Implementing the full JCR API on top of multiple kinds of systems would be expensive, time consuming, and painful. We’ve created a simple connector framework that is simple enough that its easy to write new connectors, yet efficient enough to do many, many operations with one (potentially remote) call. Your applications can use ModeShape to make these existing system look and behave like a real JCR repository.

ModeShape JCR and connectors

We’ve begun building a library of connectors that allow us to store content on a data grid (Infinispan), on a distributed cache (JBoss Cache), in relational databases (via Hibernate), and in-memory within the Java process (for small transient use cases). Our library also includes connectors that access existing file systems, SVN repositories, and even the schemas from existing JDBC databases.

Of course, we’re already working on more connectors, including a connector to other JCR repositories. And we envision lots of connectors, including connectors to other CMIS repositories, version control systems (like Git and CVS), document databases (like CouchDB and Cassandra), distributed file systems, customer management systems, Maven repositories, LDAP directories, and existing databases. Just to name a few. And we designed the connector framework so that you can write your own.

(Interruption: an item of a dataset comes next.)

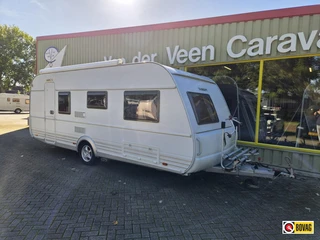 Tabbert Da Vinci 540 DM Cassette luifel, mover
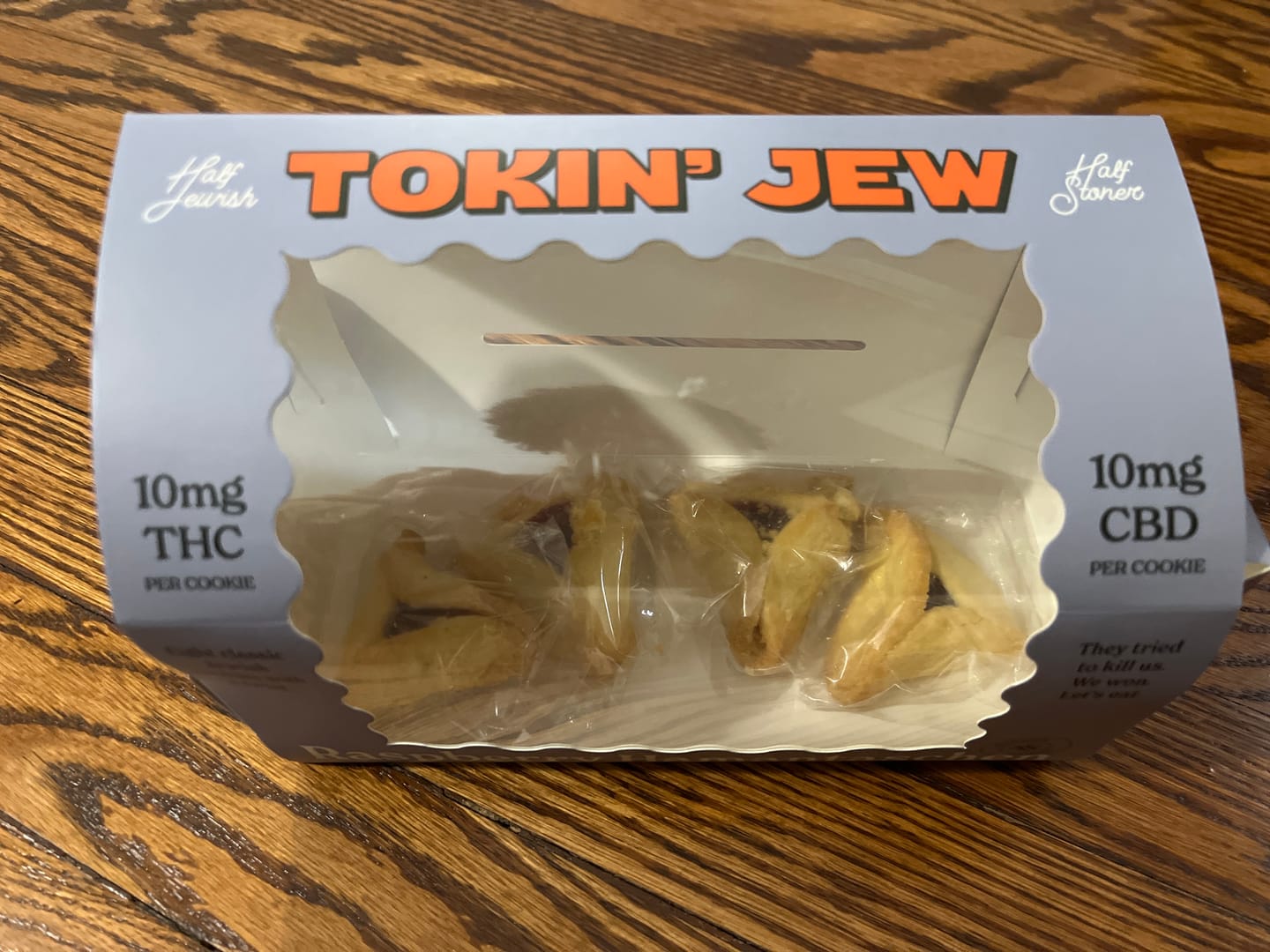 Customer photo review of Hamantaschen Cookies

Killer Feature #2: Federation

Remember all those different silos of information? Using JCR to access each of these is pretty interesting, but what’s really killer is federating the information from multiple sources into a single virtual repository. To your applications, ModeShape looks and behaves like a regular JCR repository. They use the standard JCR API to navigate, search, create, change, and listen for changes in the content. But under the covers, ModeShape is able to federate content from multiple back-end systems using our connectors, ensuring that the repository content stays up-to-date and in-sync with those systems. And those external systems can continue “owning” the information, and existing applications can continue using them, but new applications using ModeShape can easily access the unified and integrated information.

ModeShape federation

Killer Feature #3: Sequencing

A lot of repositories exist to store files and other important artifacts, and contained in all those files is a ton of very valuable information. Sure, the repository might process them for searching, but that just extracts the words and phrases. Or, your applications can read the files and process them one at a time. ModeShape sequencers are able to unlock this valuable structured information and put it back into the repository, where it’s accessible via navigation, queries, and searches.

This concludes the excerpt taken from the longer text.